BC will need to take time to properly consult Gitga’at and other First Nations before making a decision about issuing an EA Certificate to Northern Gateway together with any additional conditions BC may add, which makes it all the more unlikely that Northern Gateway will be able to meet the construction deadline in its federal approval. Combine that with the host of other ongoing legal challenges against Northern Gateway in the Federal Court of Appeal, and the commitment from the federal government to formalize a Pacific north coast oil tanker ban, and it’s hard not to agree with the analysis of Gitga’at member and former CFN Executive Director Art Sterritt when asked about Northern Gateway’s future: “We’re running out of coffin nails now.”
So what does it mean for Kinder Morgan?
Like Enbridge, the Kinder Morgan NEB review is the sole Canadian regulatory process, thanks to the same Equivalency Agreement. That process, in many ways, has been even worse than the Enbridge Joint Review Panel (JRP) process that is currently subject to judicial review. Unlike the Enbridge JRP, the Kinder Morgan NEB process has not even included public hearings or cross examination, nor is it fully considering the impacts of marine shipping.
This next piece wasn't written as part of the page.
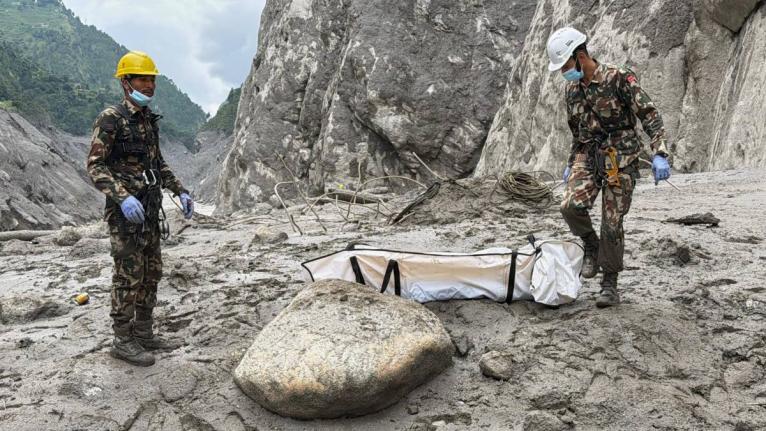 Nepal Army soldiers carry a body of a worker recovered from the site of a hydropower project in Upper Trishuli, Nepal, on Tuesday. - AP photo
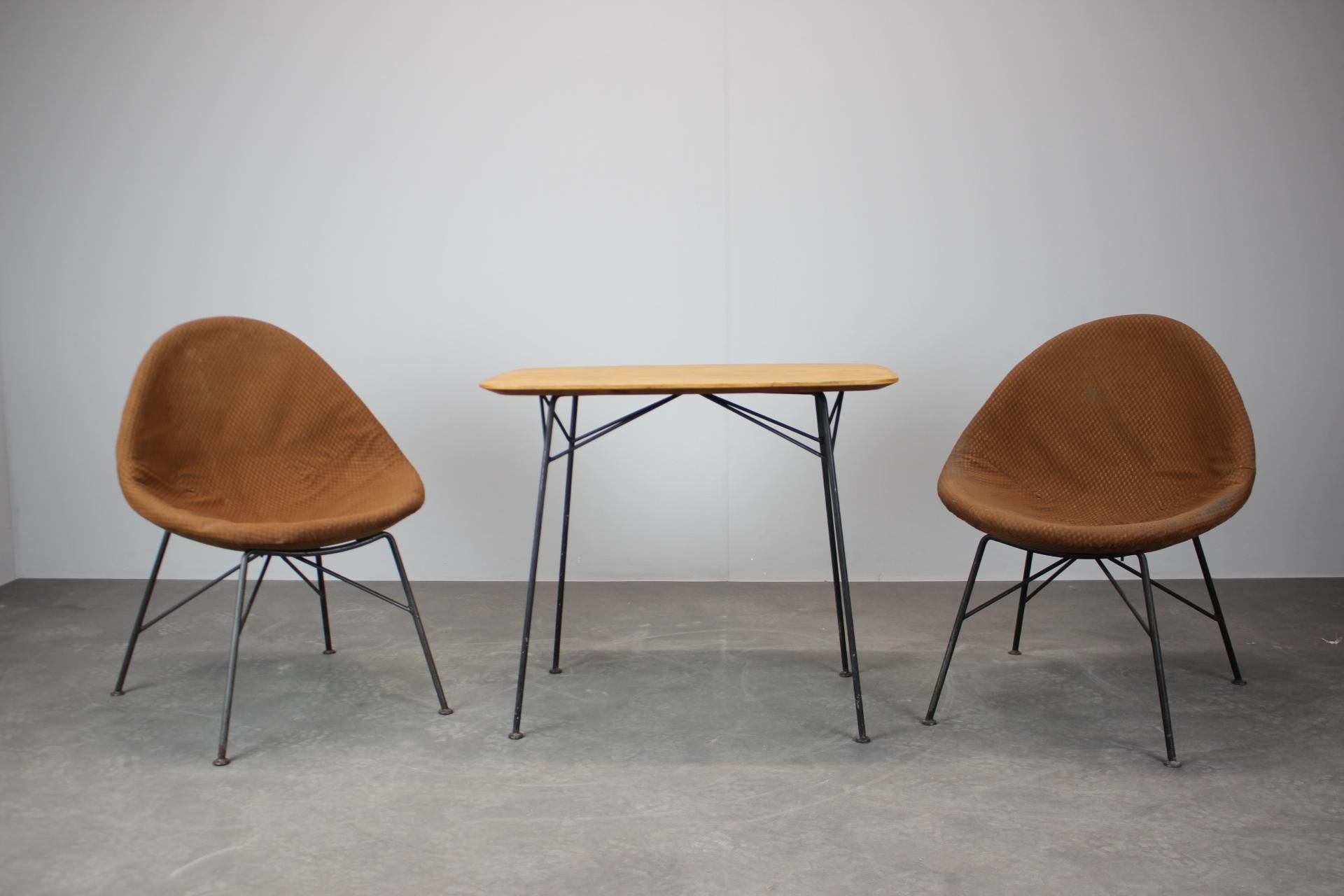 A mid-century Italian seating ensemble from the 1960s, composed of a coffee table with a sanded wooden top treated with clear bio oil and oak stain, paired with two sculptural lounge chairs. The chairs retain their original upholstery, and both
BC’s recent rejection of the project in their submissions to the NEB was based largely on spill risk and inadequate spill response. Combine this with the Tsleil-Waututh Nation’s decision to withhold consent for the project, based on the findings of their own independent assessment, and there is no way the Province can claim it is not aware of the serious concerns associated with shipping nearly a million barrels of diluted bitumen from the tar sands through BC’s land and waters every day.
The implication of the CFN decision is that the Kinder Morgan tankers and pipeline project cannot proceed without a provincial environmental assessment certificate, and that the Province has a duty to consult and accommodate affected First Nations before making this decision. That means, at the very least, that an EA Certificate is not coming any time soon, and if it is granted, it may impose more onerous conditions on Kinder Morgan.
The NEB has stretched the 15 month deadline to nearly 25 months, with the current NEB schedule calling for a May 20, 2016 recommendation to federal Cabinet (who will make a decision about the fate of the project). The CFN decision makes it clear that First Nations must be consulted by the Province about whether it should exercise its discretion to withdraw from the Equivalency Agreement (and do its own assessment) before the federal Cabinet makes its decision about the project and directs the NEB to issue a certificate for the project.
Despite numerous calls to halt the NEB review, the maligned process is moving full steam ahead. Oral hearings, which have shut out the general public from attending in person, are scheduled to be held in Burnaby from January 19th to January 29th.
In the meantime, the federal government has stated that the project will have to go through a further transition process while they fulfill their campaign promise to fix Canada’s broken regulatory system. The details of the transition process are purportedly coming soon.
And last but not least, the Tsleil-Waututh Nation’s appeal of the NEB’s original hearing order will be back before the Federal Court of Appeal in Vancouver on January 22, 2016. The arguments made by the Attorney General of Canada on the duty to consult First Nations in designing EA processes and whether EA should consider the impacts of marine shipping will be telling about what Real Change™ looks like.